Таким образом, внедрение нацистской идеологии усиливало вермахт, способствуя созданию плотно спаянных групп людей, готовых вместе сражаться, страдать и умирать. Если в Службе труда юноша ощущал общее чувство товарищества, то в армии весь его мирок составляло пехотное отделение из десяти человек. Тесные отношения, возникавшие между солдатами внутри такого «товарищества» (именно этим словом в прусской армии первоначально обозначалась небольшая боевая единица), оказались важным фактором, способствующим сплоченности и упорству перед лицом жестокой реальности. Мир пехотинца был ограничен. Самым значимым для него была небольшая группа изгоев, вместе с которыми ему суждено было пытаться пережить военную бурю. Если товарищество зависело от доверия, уважения и верности друг другу, то ничто так не способствовало его формированию, как пребывание в небольшой группе людей, в которой жизнь каждого зависит от надежности остальных. «Моя часть была моим домом, моей семьей, — писал Ганс-Вернер Вольтерсдорф, — которую я должен был защищать».
Представление о своей части как о семье стало лейтмотивом воспоминаний многих солдат. В конце периода напряженного обучения Мартин Пеппель записал в своем дневнике: «Мы все, от офицеров до последнего водителя, стали одной семьей. Мы закончили подготовку». Фридрих Групе в своем дневнике в 1939 году описывает сцену, которая вполне могла бы быть иллюстрацией заботы отца о своих детях: «Снова воцарился знакомый порядок. В умывальной течет вода, в душевой работают души. Наконец товарищи ложатся в свежезастеленные постели и быстро засыпают, похрапывая, как полагается пехотинцам». Групе и его товарищи, вероятно, сознательно имитируют семейные отношения, называя своего уважаемого и любимого командира «Папа». Размышляя после войны о «сообществе привыкших к войне и поклявшихся друг другу в дружбе», он говорил: «Среди них я ощущал, как ни трудно в это поверить, что-то вроде чувства защищенности». Размышляя похожим образом о жизни в сплоченном коллективе, Гельмут Фетаке говорит о «вознаграждающем чувстве радости», когда его солдаты стоят в строю перед ним, и он видит в них «большую семью, которая знает, что они останутся вместе и в радости, и в трудных ситуациях». Вольфгангу Дерингу казалось очевидным, что в эти «безжалостные, революционные времена единственной опорой служат любовь, преданность и надежность тех, кто находится рядом».

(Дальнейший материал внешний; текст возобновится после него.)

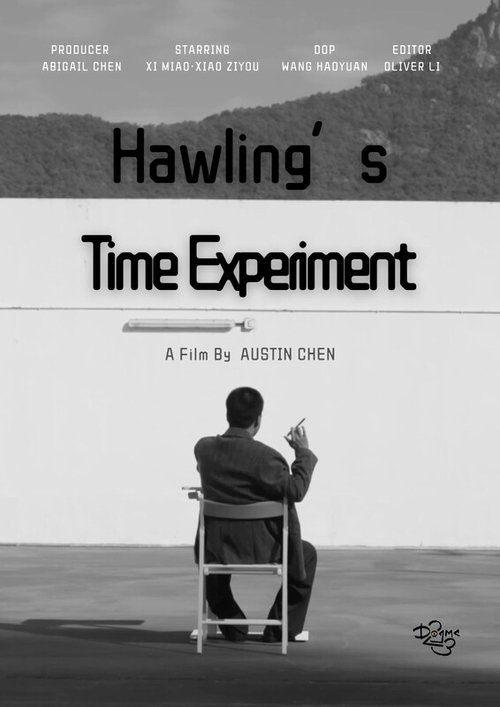 Hawling's Time Experiment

Чувство взаимной поддержки и безопасности внутри группы было главной чертой товарищества. Многие солдаты черпали чувство собственной значимости из членства в сплоченной группе, ощущения, демонстрировавшего их стремление к единству. Воссоединившись с товарищами после короткой разлуки, Ги Сайер отмечал: «Радость и облегчение от встречи были столь велики, что мы обняли друг друга за плечи и, громко смеясь, изобразили что-то вроде полонеза… Я знал, что здесь мои друзья, и почувствовал себя намного лучше». Дружба, как размышлял он позднее, «очень много значила на войне, и ее значение, по-видимому, подкреплялось общей ненавистью, соединявшей людей узами дружбы, которые никогда не смогли бы пробиться сквозь барьеры обычной мирной жизни». Сайер вспоминал утверждение фельдфебеля, что «настоящая солдатская жизнь — единственная жизнь, которая сближает людей на основе абсолютной искренности, и между всеми без исключения существует чувство товарищества, которое в любой момент может подвергнуться испытанию».
Момент принятия в группу, принадлежности к фронтовому единству нередко оказывался откровением. Вилли Хайнрих в «Железном кресте» описывает внезапное осознание солдатом но имени Керн, прибывшим с пополнением, того, что он стал одним из членов солдатского сообщества:
«Эта мысль наполнила его гордостью. Неожиданно Керн почувствовал себя частью взвода, как будто провоевал в его рядах добрый десяток лет. Это чертовски здорово — принадлежать к группе отличных парней, сказал он себе. Мы — единое целое. Один за всех, и все за одного. Керн не помнил, откуда взялась эта фраза, но она показалась ему настолько замечательной, что он растроганно почувствовал, как у него по спине пробежал приятный холодок и защипало глаза. Как все-таки это прекрасно — иметь товарищей… Товарищество — это самое главное, пришла ему в голову мысль. И не важно, что иногда у тебя бывают размолвки с ними, самое главное — то, что все зависят друг от друга. На этих парней можно положиться. Хорошо, черт побери, что он попал именно в этот взвод, а не в какой-нибудь другой. Эта мысль наполнила его гордостью».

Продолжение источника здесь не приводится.